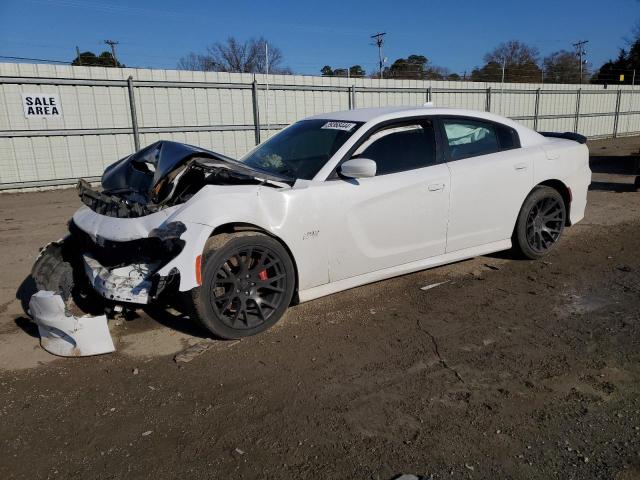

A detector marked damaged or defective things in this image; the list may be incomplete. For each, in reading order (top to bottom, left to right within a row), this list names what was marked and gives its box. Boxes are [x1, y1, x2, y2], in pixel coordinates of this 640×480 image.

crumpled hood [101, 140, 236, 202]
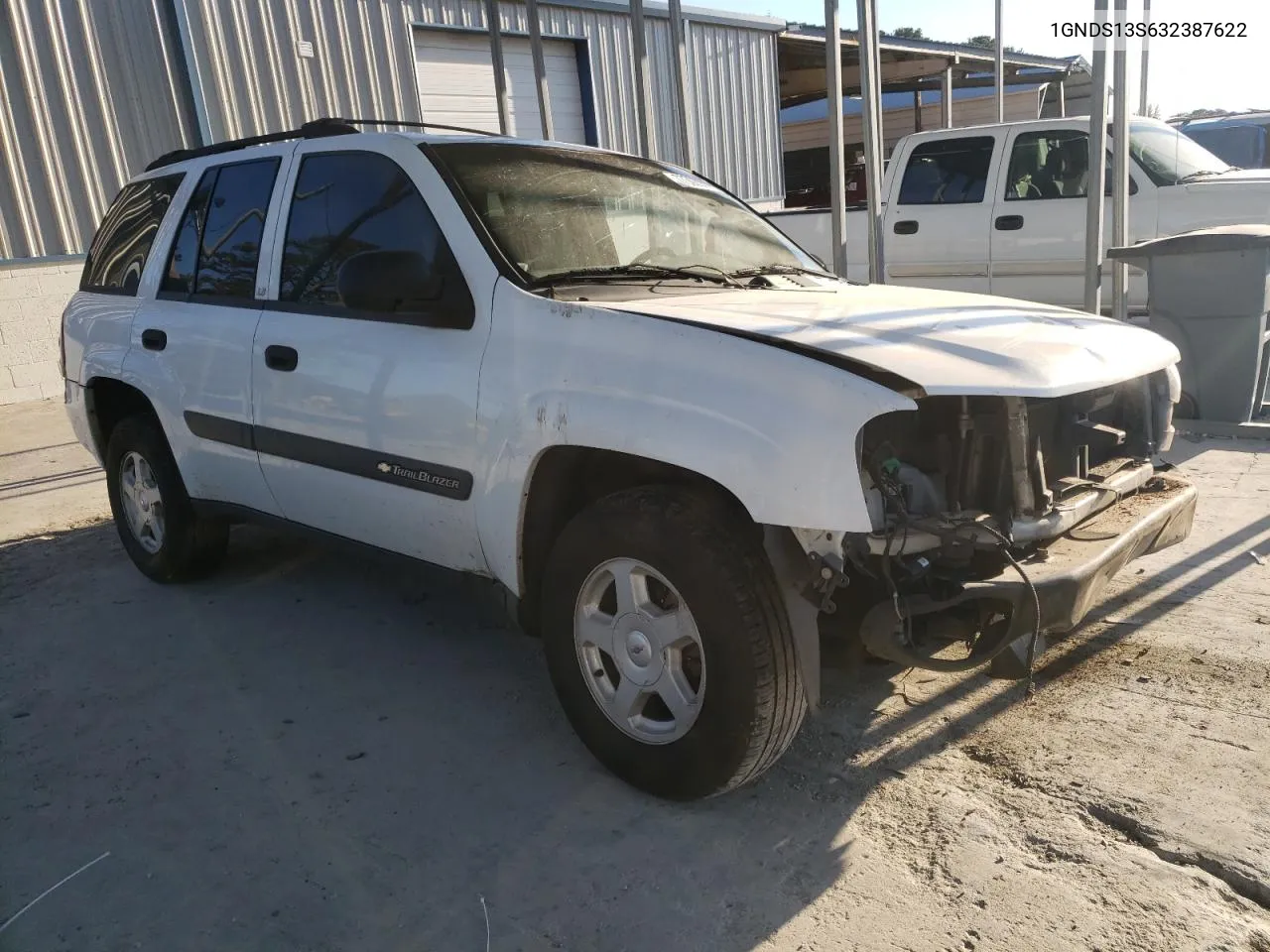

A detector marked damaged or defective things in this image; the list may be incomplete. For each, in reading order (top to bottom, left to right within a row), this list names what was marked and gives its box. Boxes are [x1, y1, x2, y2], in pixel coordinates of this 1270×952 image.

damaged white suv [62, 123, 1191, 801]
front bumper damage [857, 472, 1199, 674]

□ □ □ □ □ □ □

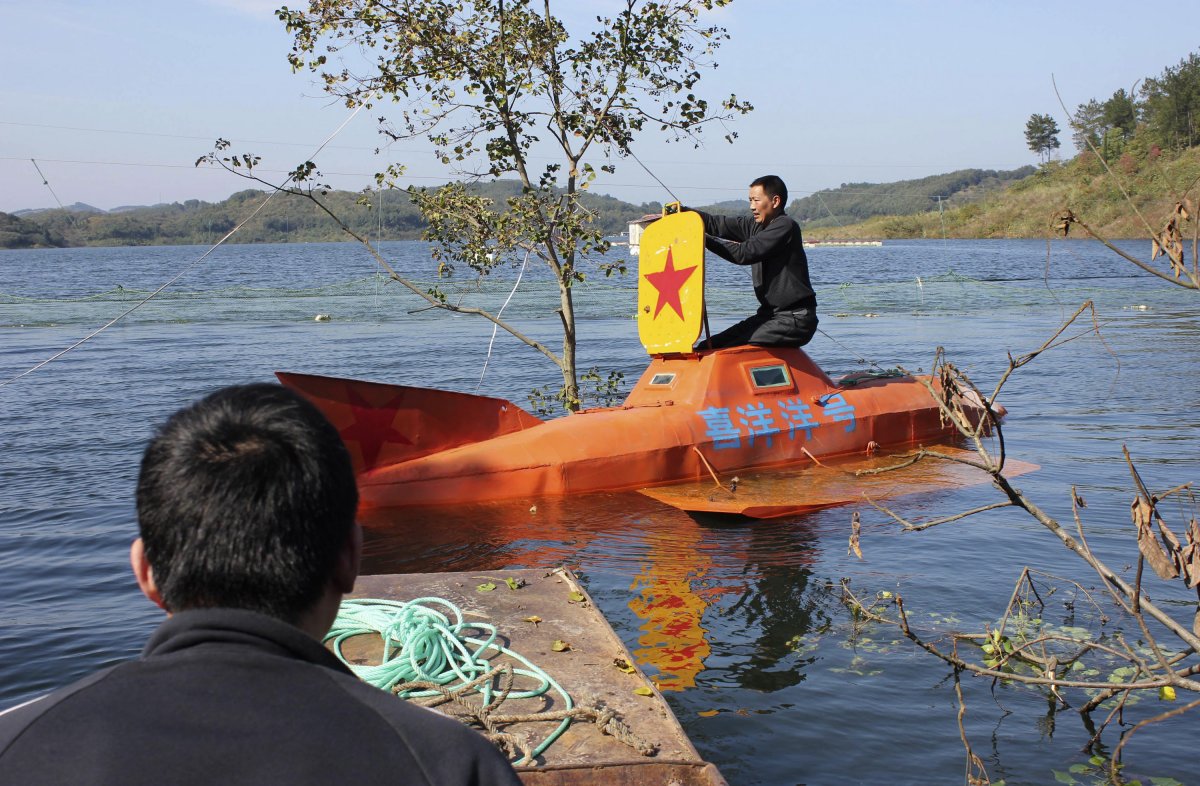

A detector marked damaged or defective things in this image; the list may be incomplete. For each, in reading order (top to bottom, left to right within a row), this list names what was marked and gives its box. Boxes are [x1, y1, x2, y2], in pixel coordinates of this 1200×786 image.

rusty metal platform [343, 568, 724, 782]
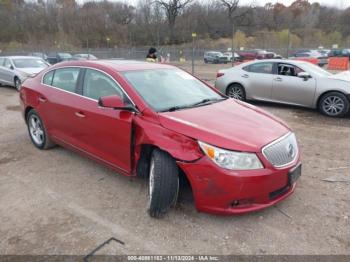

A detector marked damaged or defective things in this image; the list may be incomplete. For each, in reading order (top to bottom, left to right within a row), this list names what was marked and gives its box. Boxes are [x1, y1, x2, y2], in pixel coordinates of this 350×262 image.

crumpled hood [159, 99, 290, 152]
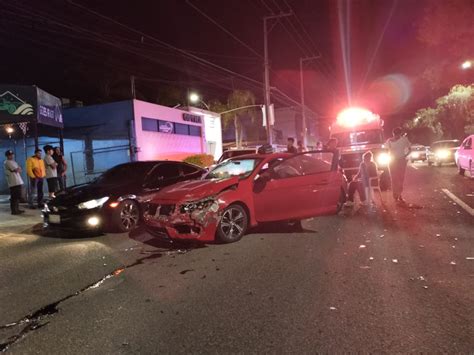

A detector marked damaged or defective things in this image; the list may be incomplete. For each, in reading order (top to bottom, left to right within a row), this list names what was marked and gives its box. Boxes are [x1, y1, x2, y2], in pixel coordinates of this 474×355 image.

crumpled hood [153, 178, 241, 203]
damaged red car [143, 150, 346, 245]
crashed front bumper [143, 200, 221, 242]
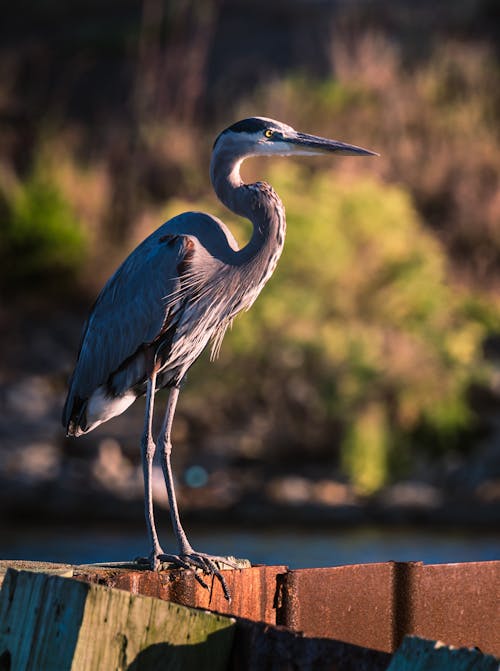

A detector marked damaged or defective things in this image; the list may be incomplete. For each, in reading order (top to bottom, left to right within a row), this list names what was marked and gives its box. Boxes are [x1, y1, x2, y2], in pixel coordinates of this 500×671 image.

□ □ □ □ □ □ □

EXERCISE BRIEF> The data above holds the lines to copy: start at the one with "this 474×355 image.", stop at the one with "this 500×671 image.", include both, copy them exactly without pictures, and copy nothing else.

EXERCISE ANSWER>
A detector marked damaged or defective things in this image; the list may be incomplete. For each, in reading order (top to bottom, left to right within a row), this list names what was marked and gives its box. Boxes are [x1, y1, x2, y2], in pixel coordinates of this 474×355 image.

crumpled hood [153, 178, 241, 203]
damaged red car [143, 150, 346, 245]
crashed front bumper [143, 200, 221, 242]

A detector marked damaged or defective things in this image; the list may be incomplete. For each, in reading order (top to bottom, left to right within a row), this list names what was marked and gives its box. Boxes are [x1, y1, x2, y2], in pixel coordinates of this 500×671 image.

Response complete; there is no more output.